Indépendance et Neutralité : le socle d’une médiation réussie

Indépendance et Neutralité : il est impérieux de distinguer ces deux notions pour appréhender le processus de médiation.

Indépendance et Neutralité : il est impérieux de distinguer ces deux notions pour appréhender le processus de médiation. La neutralité est la qualité du médiateur à ne pas se prononcer sur la solution trouvée par les parties. Le médiateur s’interdit ainsi d’exercer une quelconque autorité ou influence sur les parties.

L’indépendance est l’absence d’influence sur le médiateur de quelque groupe, lobby ou mouvement de pensée. Le médiateur garantit en amont du processus de médiation qu’il n’est subordonné ou influencé par personne.

Le corollaire évident de cette distinction est que la co-médiation paritaire de conflits sociaux collectifs, opérée par un binôme de médiateurs (un appartenant au collège employeur et l’autre au collège employé) n’est ni neutre ni indépendante. Car, chaque médiateur, de par son appartenance à un collège différent, influence l’orientation des solutions choisies par les parties.

Si, de surcroît, les médiateurs sont systématiquement désignés par un établissement public, émanation de l’Etat et dirigés par l’un des vice-présidents d’une collectivité locale, l’indépendance non seulement n’existe pas, mais surtout n’a jamais existé.

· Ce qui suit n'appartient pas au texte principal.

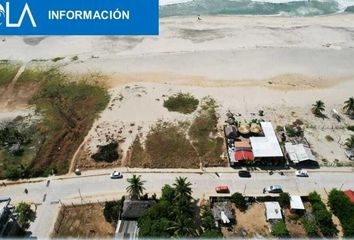 Lote de Terreno en  Calle De Las Iguanas, Playa Zicatela, Santa María Colotepec, Oaxaca, 70934, Mex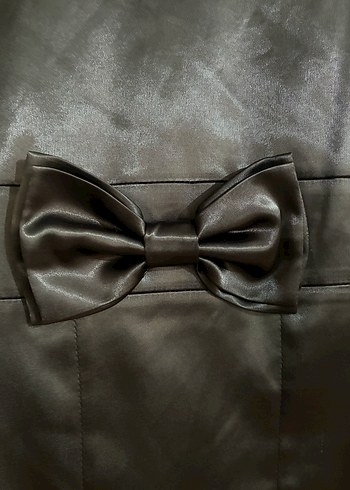 V Yaka Kemerli Siyah Midi Gece Elbisesi - Görsel 2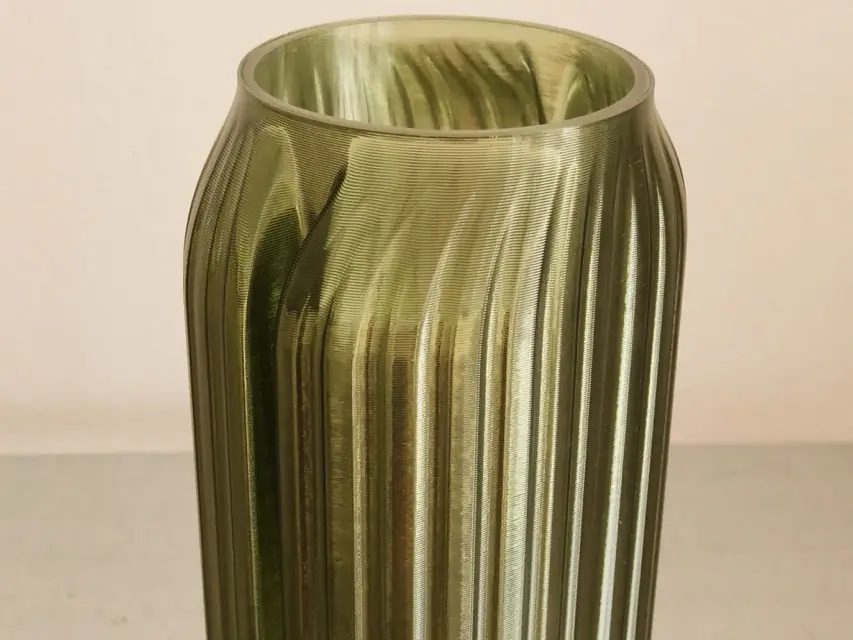 VASE 02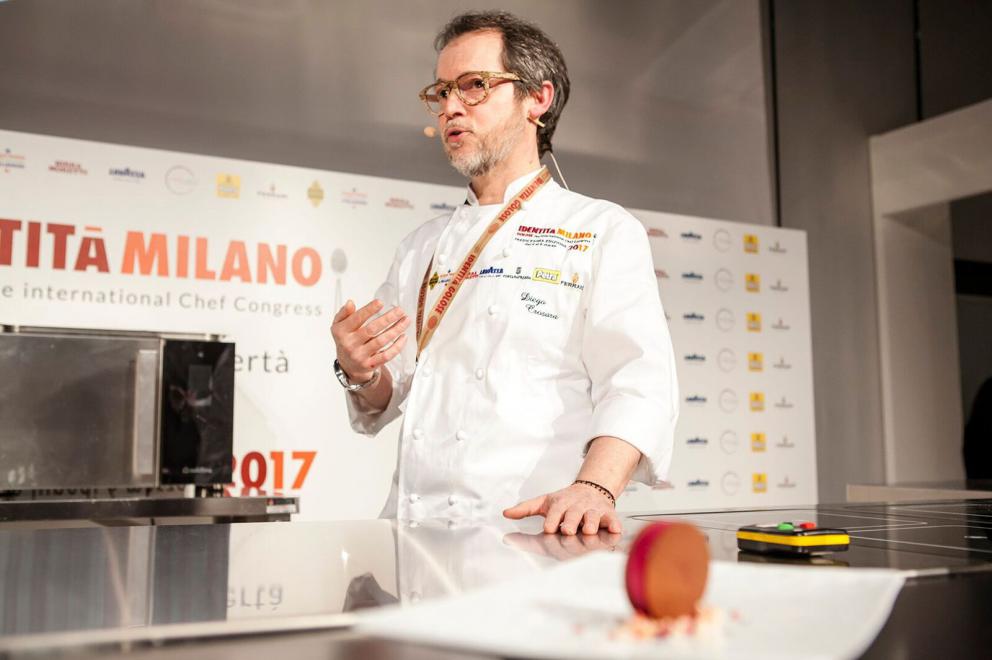 Galleria fotografica






Simone Bonini – Ritorno dal futuro - Il futuro è già passato per il toscano di Carapina che lotta contro i luoghi comuni, a partire da quello che vuole il gelato venduto tutto allo stesso prezzo o che il gelato faccia ingrassare. «Un cattivo cocktail è peggio di un chilo di buon gelato», ammonisce. Infatti al gioco al massacro Simone Bonini non ci sta e molla la gelateria. Nel giro di qualche mese si metterà a istruire nuovi gelatieri. Senza smettere, per questo, di dedicarsi con cura alle sperimentazioni gastronomiche in forma di gelato che servirà in quello che sarà il primo “ristorante di gelato”. Col Grana Padano e il Vin Santo, vi assicuriamo, ha fatto centro









Moreno Cedroni – Gelato al fermentato… - Dal chilometro zero al chilometro consapevole. Dalla miscela di latte e panna alla quale aggiungere zucchero e altri ingredienti “dolci” al salato e al fermentato. Lo sperimentatore è Moreno Cedroni che al latte e alla panna aggiunge baccalà, aglio e sale. E osa ancora di più con il cavolo viola fermentato con bucce di limone e peperoncino per un’esplosione indescrivibile di acido e piccante, e con l’aglio nero che diventando gelato sprigiona un sentore di olive e liquirizia. Lo zucchero invece c’è, ma in piccola percentuale, nella miscela di kombucha e caffè monoarabica del sorbetto dalla leggera alcolicità in cui l’acidità gioca un ruolo cruciale e spiazzante









Paolo Brunelli – A Cristoforo Colombo non piaceva il cioccolato. E da lì tutto è iniziato - Un passo indietro nella tradizione e uno in avanti nel futuro. Paolo Brunelli li fa entrambi senza rischiare di sembrare un gambero impazzito. Il recupero dell’emozionalità del gelato al cioccolato di tradizione italiana fatto con il cacao in polvere e il futurismo del sorbetto realizzato con l’infusione delle fave di cacao dolcificato con miele d’acacia si compongono in una tavoletta di gelato ricoperta di cioccolato fondente e in un cioccolatino da servire freddo spolverato con ciò che resta della fava di cacao in infusione. Perché anche la tradizione deve innovarsi









Luca De Santi – Un viaggio senza fine - Al Ratanà Luca De Santi ha trovato il luogo ideale per dare una casa alla sua idea di pasticceria di ristorazione. Guidato dai suoi mantra – abbassare il tenore zuccherino, diminuire i carboidrati e dare leggerezza – non si ferma davanti a nulla. Così nessuno si stupisce più dei suoi dessert con barbabietole e carciofi. A Identità di Gelato ha osato con un gelato di baccalà adagiato su un frollino di mais tostato guarnito con limoni canditi, fettine di ravanello fresco, ceci neri fritti e completato con granita di sedano






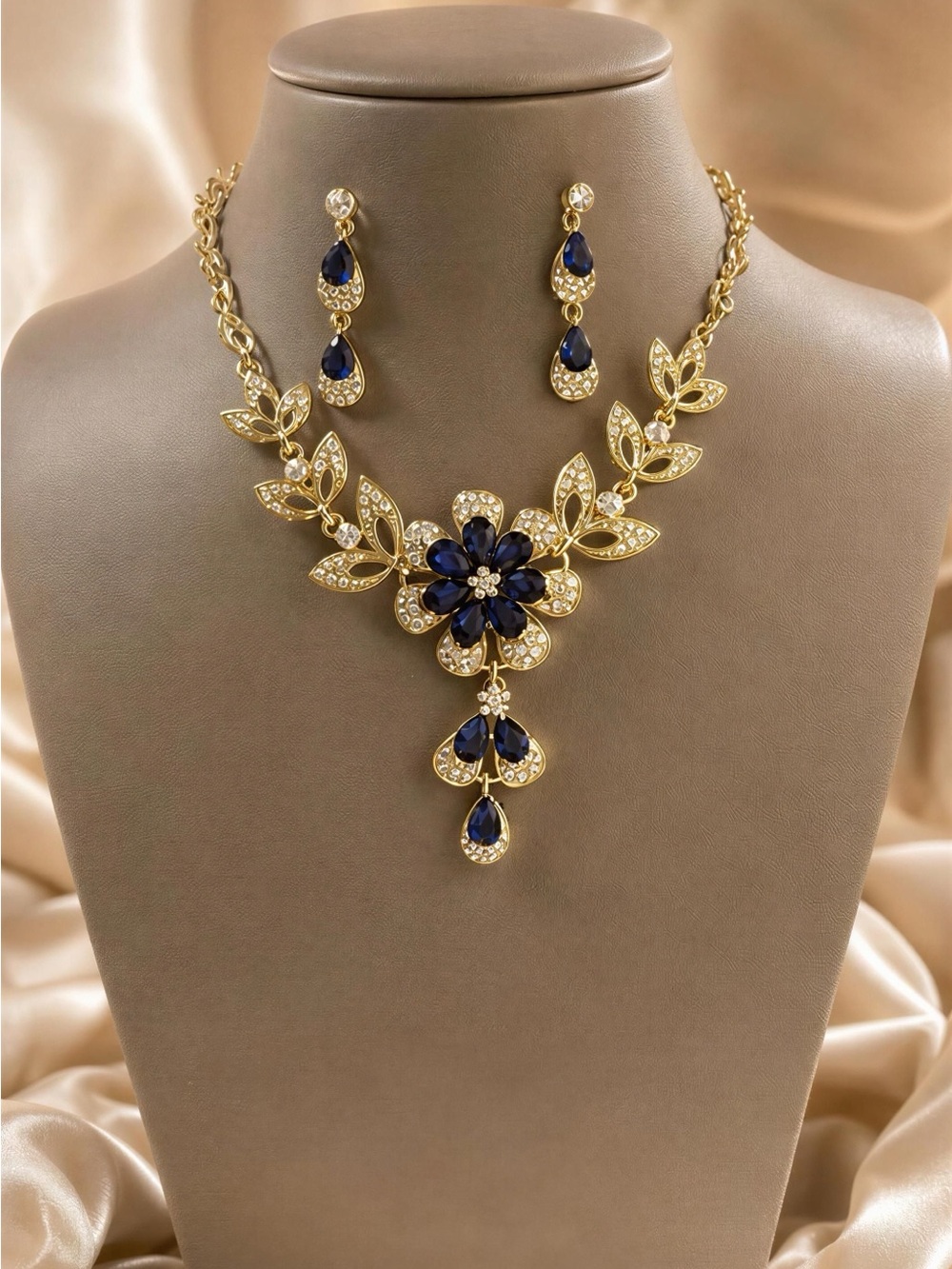 Fashion Jewelry Gold-Tone Necklace with Deep Blue Crystal Floral Pendant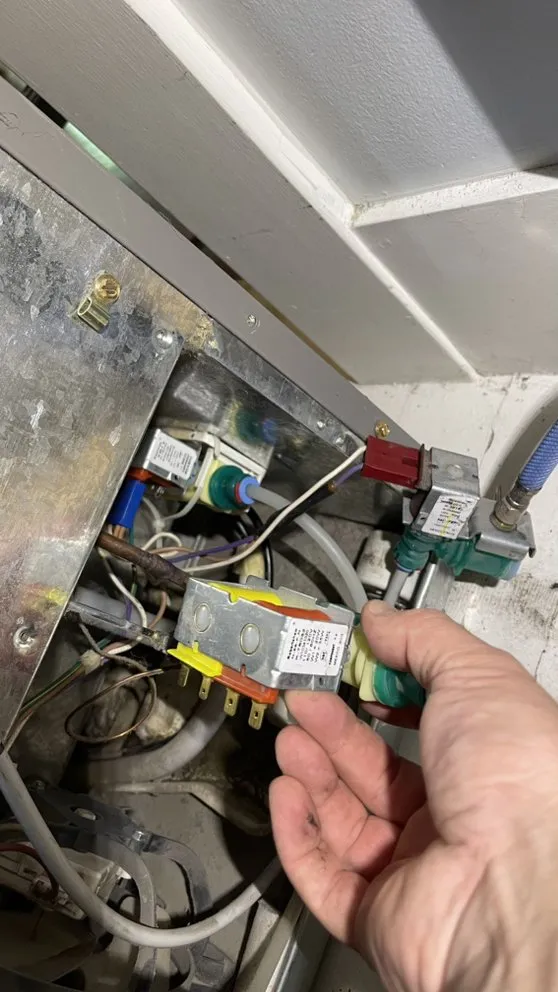 Slide of KoxFix Solutions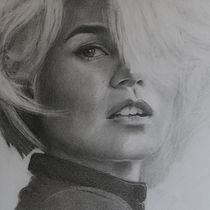 Mi Proyecto del curso: Retrato realista con lápiz de grafito. Un progetto di Disegno a matita e Illustrazione tradizionale di AITOR ROLLAN - 08.11.2019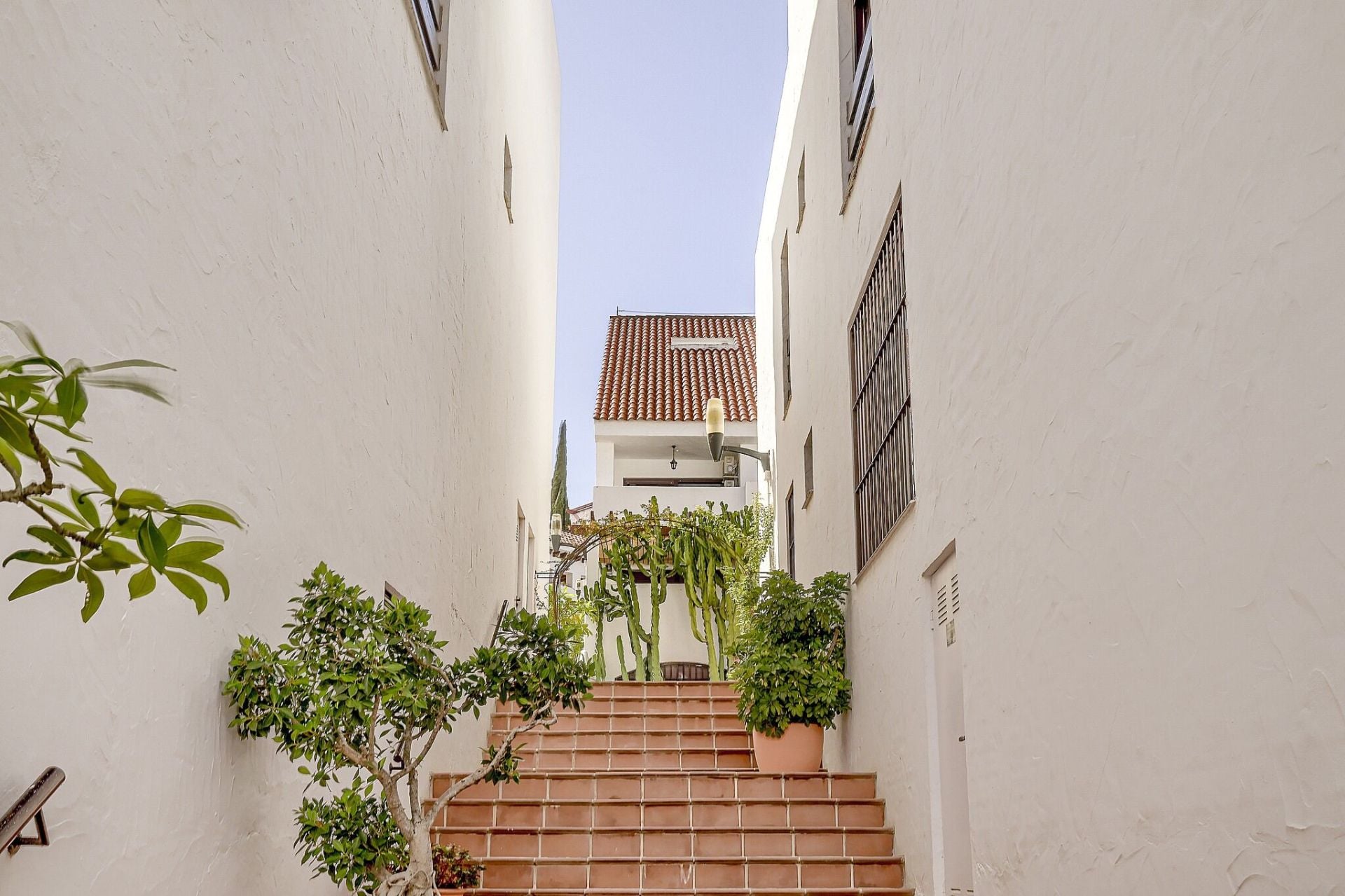 2 Bedroom Apartment in Marbella - Photo 19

En l’espèce, il apparaît comme certain que l’indépendance a quelque peu dévié du plan de départ.

En outre, lorsque la médiation est gratuite pour les parties, mais que les frais occasionnés par la médiation sont réglés par des subventions de ladite collectivité et par des fonds publics, le lien de subordination est manifeste et nuit à la résolution du conflit.

Imaginons seulement un instant que des conflits sociaux, portant sur des délégations de service public, soient soumis à ce type de médiation et de médiateurs… ce n’est qu’une hypothèse qui, nous le savons, ne pourrait se réaliser dans une démocratie (ouf !).

Par ailleurs, le médiateur, neutre et indépendant, ne propose pas de solutions aux parties pour régler le litige. C’est le rôle du conciliateur qui, en plus d’être souvent un expert de la matière, oriente les parties vers la solution qu’il a choisie. L’arbitre quant à lui est un tiers qui a été désigné par les parties dans une convention d’arbitrage et dont la solution tranche le litige sans que les parties ne puissent la contester.

Penser qu’un tiers intervenant dans un litige puisse occuper, au sein du même conflit, ces trois fonctions, et tour à tour est une hérésie. L’affirmer publiquement et avec conviction est une ineptie. Le faire réellement relève de la magie…

Car la médiation est l’intervention d’un tiers neutre, impartial, indépendant et compétent, à la demande des parties, afin de rétablir la communication entre les contradicteurs afin que ces derniers retrouvent leur capacité d’analyse et de proposition d’une solution.

Il n’y a ni magie ni sorcellerie là-dedans, juste du bon sens.